_DIRECTIONS FOR THIS TASK_
Where a record contains an image, leave the image out and print the rest exactly.

_RECORDS FOR THE EXERCISE_
■ ■ ■ ■
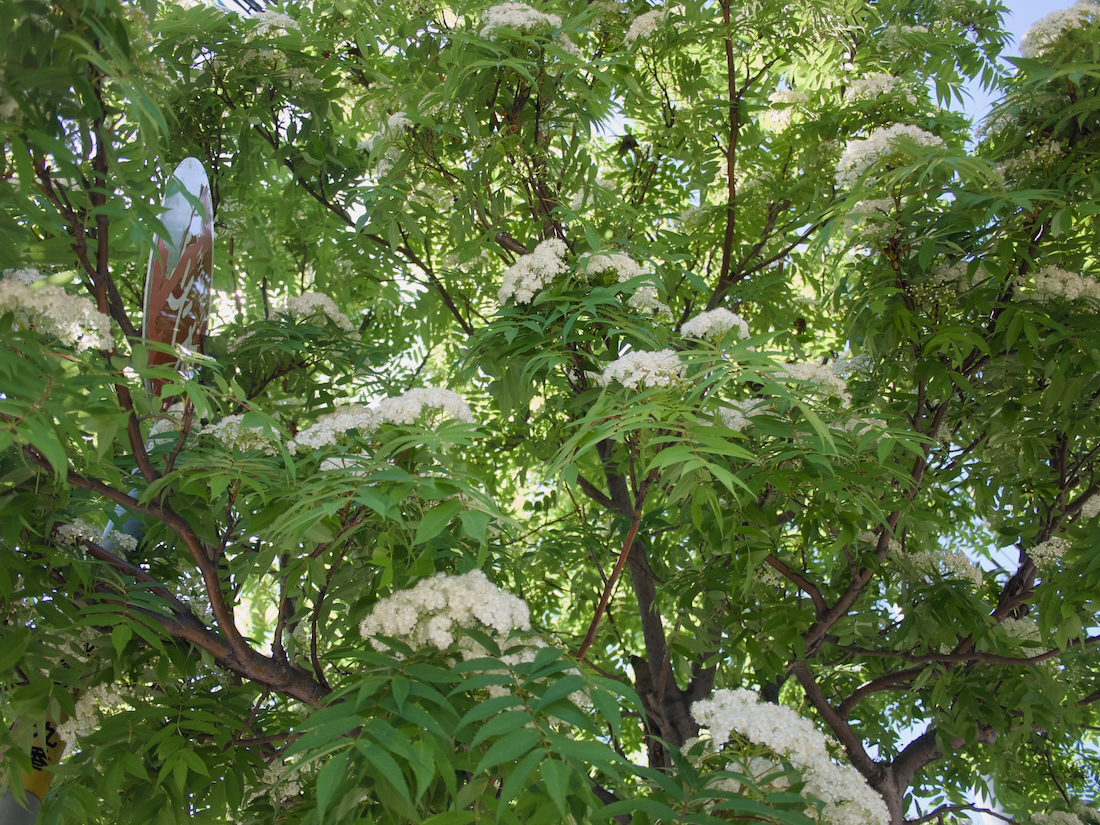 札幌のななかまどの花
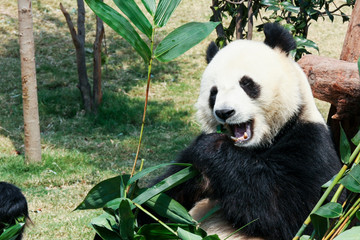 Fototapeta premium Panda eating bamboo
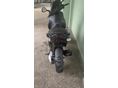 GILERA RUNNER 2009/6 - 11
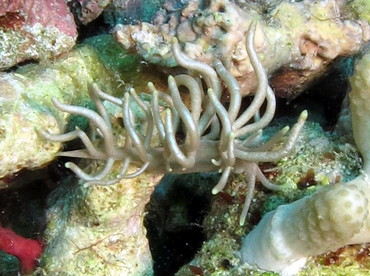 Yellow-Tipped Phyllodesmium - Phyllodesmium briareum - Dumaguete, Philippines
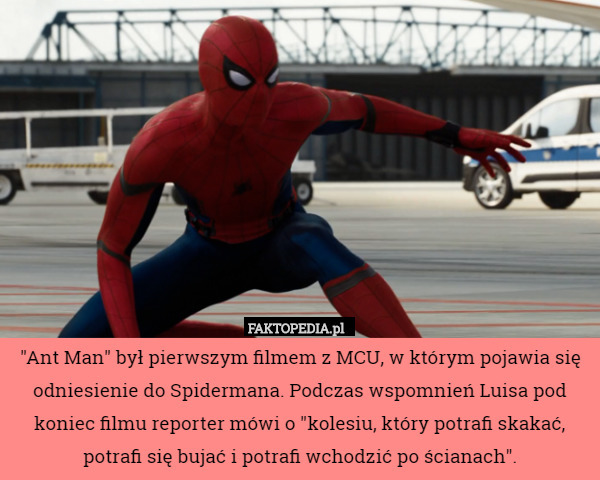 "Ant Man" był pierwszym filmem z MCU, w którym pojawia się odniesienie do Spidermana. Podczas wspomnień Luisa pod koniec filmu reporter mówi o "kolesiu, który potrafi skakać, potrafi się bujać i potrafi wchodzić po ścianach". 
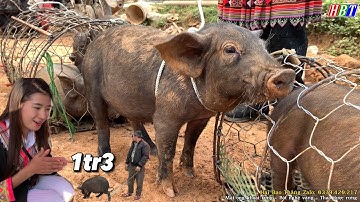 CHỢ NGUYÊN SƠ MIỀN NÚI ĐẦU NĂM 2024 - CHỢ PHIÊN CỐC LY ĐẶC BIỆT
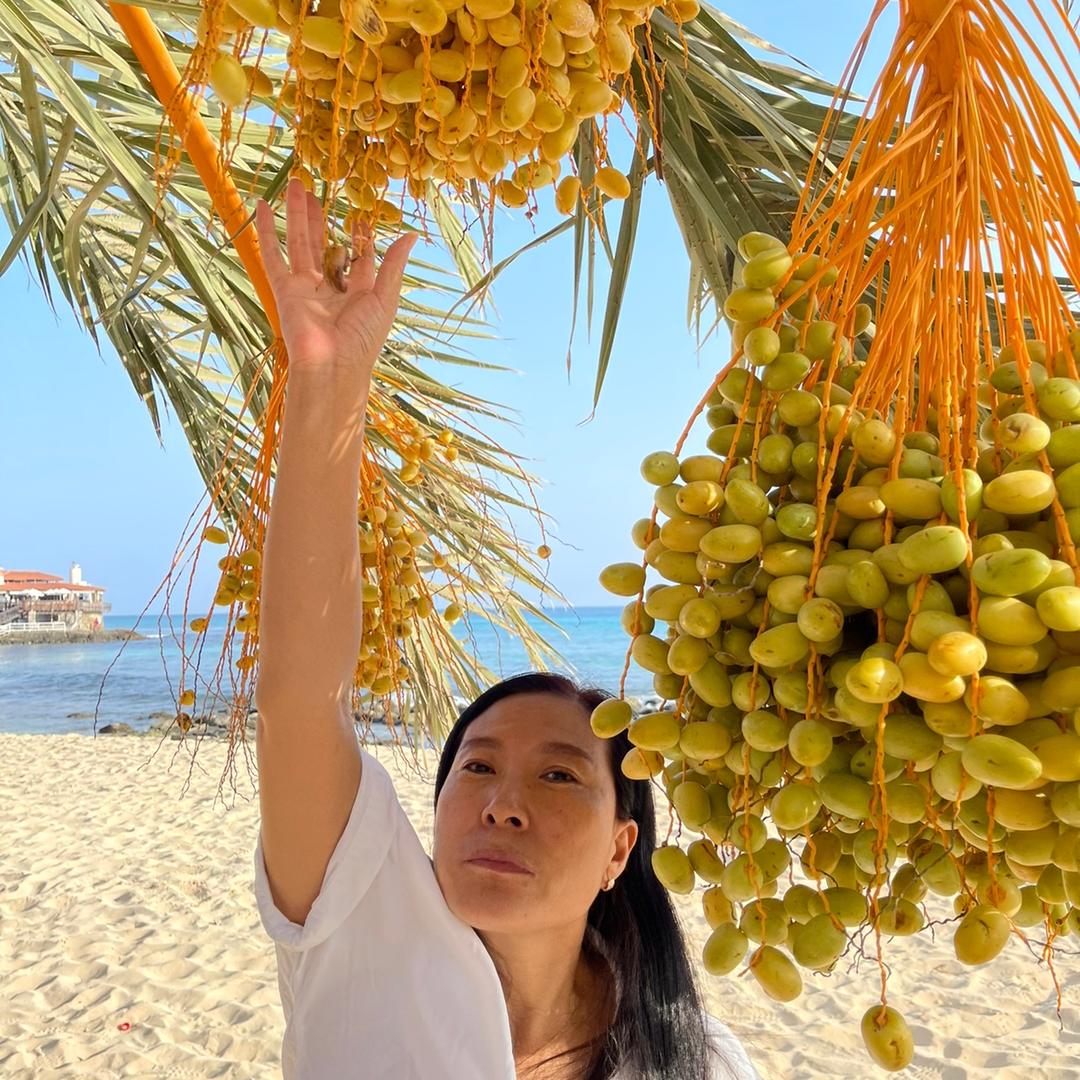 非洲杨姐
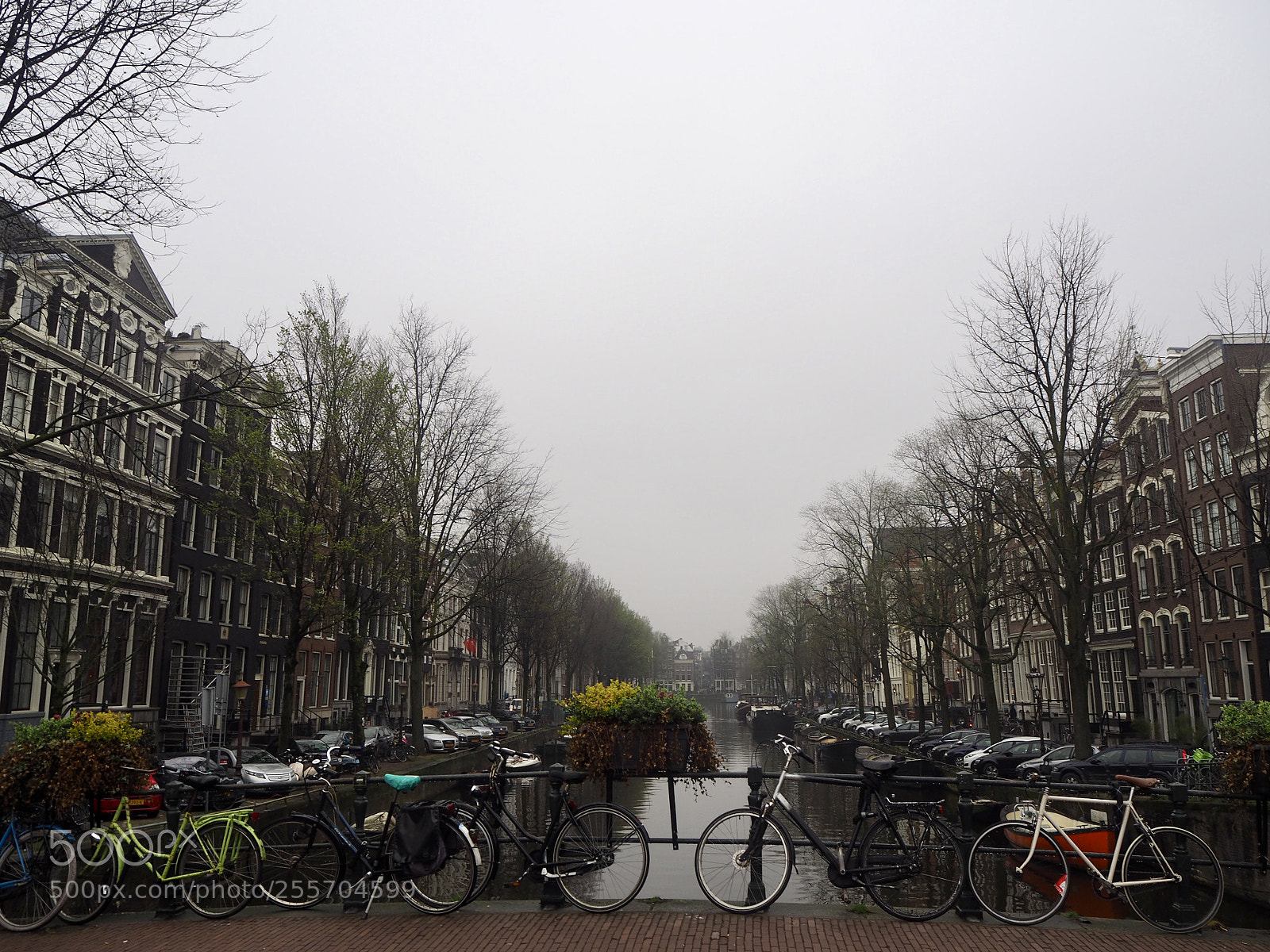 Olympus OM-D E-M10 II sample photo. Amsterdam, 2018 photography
■ ■ ■ ■
_OUTPUT_
 札幌のななかまどの花
 Fototapeta premium Panda eating bamboo
 GILERA RUNNER 2009/6 - 11
 Yellow-Tipped Phyllodesmium - Phyllodesmium briareum - Dumaguete, Philippines
 "Ant Man" był pierwszym filmem z MCU, w którym pojawia się odniesienie do Spidermana. Podczas wspomnień Luisa pod koniec filmu reporter mówi o "kolesiu, który potrafi skakać, potrafi się bujać i potrafi wchodzić po ścianach". 
 CHỢ NGUYÊN SƠ MIỀN NÚI ĐẦU NĂM 2024 - CHỢ PHIÊN CỐC LY ĐẶC BIỆT
 非洲杨姐
 Olympus OM-D E-M10 II sample photo. Amsterdam, 2018 photography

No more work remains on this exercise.